NORMAL ESOPHAGEAL FUNCTION
A normal esophagus varies from 18 to 25 cm in length and serves to transport food from the oropharynx to the stomach. Structurally, the esophagus is made up of 4 primary layers, including the innermost mucosa, submucosa, muscularis propria, and adventitia. The muscle layer includes the innermost circular fibers and the outer longitudinal fibers, of which the upper third consists mostly of striated muscle, whereas the lower two-thirds are primarily smooth muscle. In addition to the circular and longitudinal muscles, the esophagus also contains 2 muscular sphincters.
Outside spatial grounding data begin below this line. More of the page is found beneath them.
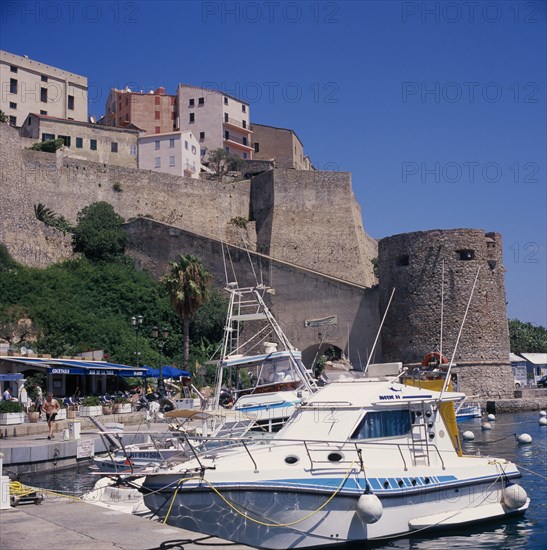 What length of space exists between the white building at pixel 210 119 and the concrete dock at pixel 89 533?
53243mm

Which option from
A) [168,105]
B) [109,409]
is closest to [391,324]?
[109,409]

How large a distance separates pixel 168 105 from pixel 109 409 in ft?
140

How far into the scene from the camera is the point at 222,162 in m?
58.1

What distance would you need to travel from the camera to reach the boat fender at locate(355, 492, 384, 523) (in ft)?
33.3

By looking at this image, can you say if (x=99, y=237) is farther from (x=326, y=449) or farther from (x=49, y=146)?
(x=326, y=449)

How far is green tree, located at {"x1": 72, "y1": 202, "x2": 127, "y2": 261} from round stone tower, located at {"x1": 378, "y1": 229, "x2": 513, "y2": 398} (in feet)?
51.0

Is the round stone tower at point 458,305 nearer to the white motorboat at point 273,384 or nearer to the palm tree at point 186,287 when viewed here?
the palm tree at point 186,287

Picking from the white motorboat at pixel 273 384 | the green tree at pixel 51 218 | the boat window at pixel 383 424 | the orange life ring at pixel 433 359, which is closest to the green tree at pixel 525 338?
the green tree at pixel 51 218

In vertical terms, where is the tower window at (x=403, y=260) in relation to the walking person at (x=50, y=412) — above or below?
above

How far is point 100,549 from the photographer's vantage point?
6883 mm

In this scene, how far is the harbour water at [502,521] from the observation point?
36.0 feet

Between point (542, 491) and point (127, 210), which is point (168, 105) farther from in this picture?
point (542, 491)

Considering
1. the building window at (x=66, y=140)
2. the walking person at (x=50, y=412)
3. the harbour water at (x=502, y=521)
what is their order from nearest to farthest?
the harbour water at (x=502, y=521)
the walking person at (x=50, y=412)
the building window at (x=66, y=140)

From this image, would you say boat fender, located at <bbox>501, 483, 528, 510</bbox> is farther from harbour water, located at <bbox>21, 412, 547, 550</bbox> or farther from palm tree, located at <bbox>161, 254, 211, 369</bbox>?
palm tree, located at <bbox>161, 254, 211, 369</bbox> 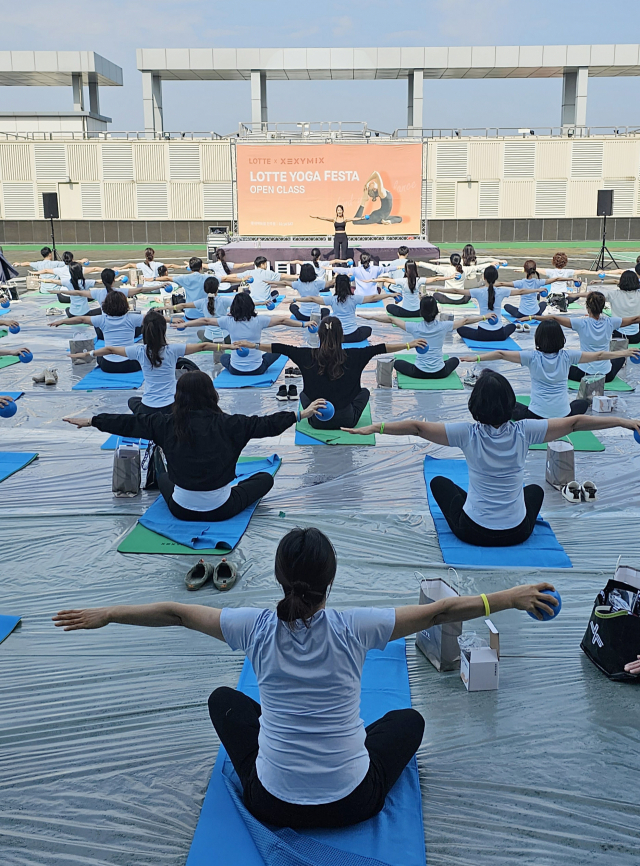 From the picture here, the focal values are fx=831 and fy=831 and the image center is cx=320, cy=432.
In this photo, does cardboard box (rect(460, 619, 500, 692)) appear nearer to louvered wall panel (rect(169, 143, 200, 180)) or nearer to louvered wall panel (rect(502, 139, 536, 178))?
louvered wall panel (rect(169, 143, 200, 180))

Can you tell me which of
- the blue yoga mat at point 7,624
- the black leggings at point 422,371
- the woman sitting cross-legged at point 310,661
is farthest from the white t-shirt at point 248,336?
the woman sitting cross-legged at point 310,661

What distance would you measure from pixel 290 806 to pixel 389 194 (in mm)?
22897

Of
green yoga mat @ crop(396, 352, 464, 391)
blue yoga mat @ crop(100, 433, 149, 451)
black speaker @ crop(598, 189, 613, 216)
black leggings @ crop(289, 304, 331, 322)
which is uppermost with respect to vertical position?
black speaker @ crop(598, 189, 613, 216)

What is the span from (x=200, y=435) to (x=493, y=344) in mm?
7151

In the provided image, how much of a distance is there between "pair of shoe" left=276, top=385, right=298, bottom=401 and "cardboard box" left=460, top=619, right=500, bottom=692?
499cm

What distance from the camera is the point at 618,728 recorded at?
315cm

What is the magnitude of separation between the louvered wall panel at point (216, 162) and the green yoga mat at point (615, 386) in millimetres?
19830

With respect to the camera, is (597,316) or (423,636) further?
(597,316)

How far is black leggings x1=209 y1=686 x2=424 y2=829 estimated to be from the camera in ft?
8.21

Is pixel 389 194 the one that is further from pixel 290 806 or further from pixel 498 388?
pixel 290 806

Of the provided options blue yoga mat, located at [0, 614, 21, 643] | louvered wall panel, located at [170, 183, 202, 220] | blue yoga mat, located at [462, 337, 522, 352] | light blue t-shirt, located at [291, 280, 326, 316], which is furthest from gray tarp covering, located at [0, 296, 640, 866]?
louvered wall panel, located at [170, 183, 202, 220]

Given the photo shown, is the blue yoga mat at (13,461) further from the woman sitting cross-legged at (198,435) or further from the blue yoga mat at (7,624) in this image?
the blue yoga mat at (7,624)

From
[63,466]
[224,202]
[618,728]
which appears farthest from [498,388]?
[224,202]

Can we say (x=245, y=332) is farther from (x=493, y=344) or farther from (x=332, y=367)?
(x=493, y=344) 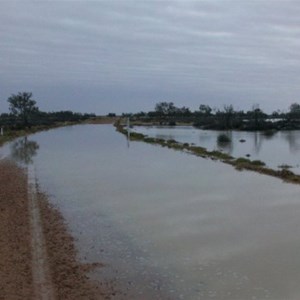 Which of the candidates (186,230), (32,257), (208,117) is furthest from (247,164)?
(208,117)

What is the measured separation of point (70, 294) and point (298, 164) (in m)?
21.5

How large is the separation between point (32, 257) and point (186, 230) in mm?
3493

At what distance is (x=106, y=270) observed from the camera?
26.3 feet

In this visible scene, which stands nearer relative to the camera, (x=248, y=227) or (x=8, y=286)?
(x=8, y=286)

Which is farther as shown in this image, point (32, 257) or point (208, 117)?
point (208, 117)

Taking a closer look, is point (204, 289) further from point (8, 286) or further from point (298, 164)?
point (298, 164)

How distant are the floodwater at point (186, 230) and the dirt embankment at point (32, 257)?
0.30 meters

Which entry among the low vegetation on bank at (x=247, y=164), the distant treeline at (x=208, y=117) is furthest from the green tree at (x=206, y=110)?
the low vegetation on bank at (x=247, y=164)

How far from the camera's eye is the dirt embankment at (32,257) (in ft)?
22.8

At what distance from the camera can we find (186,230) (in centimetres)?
1075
The upper esophageal sphincter controls the entrance of food to the esophagus from the oropharynx, whereas the LES prevents reflux of acid contents into the esophagus from the stomach.
Normal esophageal function is a complicated and well-choreographed event. When food is swallowed, the epiglottis moves backward to prevent aspiration and to direct food into the esophagus all while the upper esophageal sphincter relaxes. Primary peristalsis transfers the bolus down the esophagus by rhythmic contractions, which are controlled by excitatory activity in the vagal nucleus ambiguous, which releases acetylcholine.1 In coordination and prior to the excitatory signal, inhibitory neurons (which release nitric oxide and vasoactive intestinal peptide) are activated by the preganglionic neurons and provide deglutitive inhibition. As one moves further down the esophagus toward the stomach, there is an increased inhibitory action called the latency gradient.2 This delays contractions and allows the bolus to move forward toward the stomach. In contrast to primary peristalsis, secondary peristalsis is elicited by esophageal distension and is a local reflex that independently causes contraction of the esophagus. It is the relationship of inhibitory and excitatory signals along the esophagus ...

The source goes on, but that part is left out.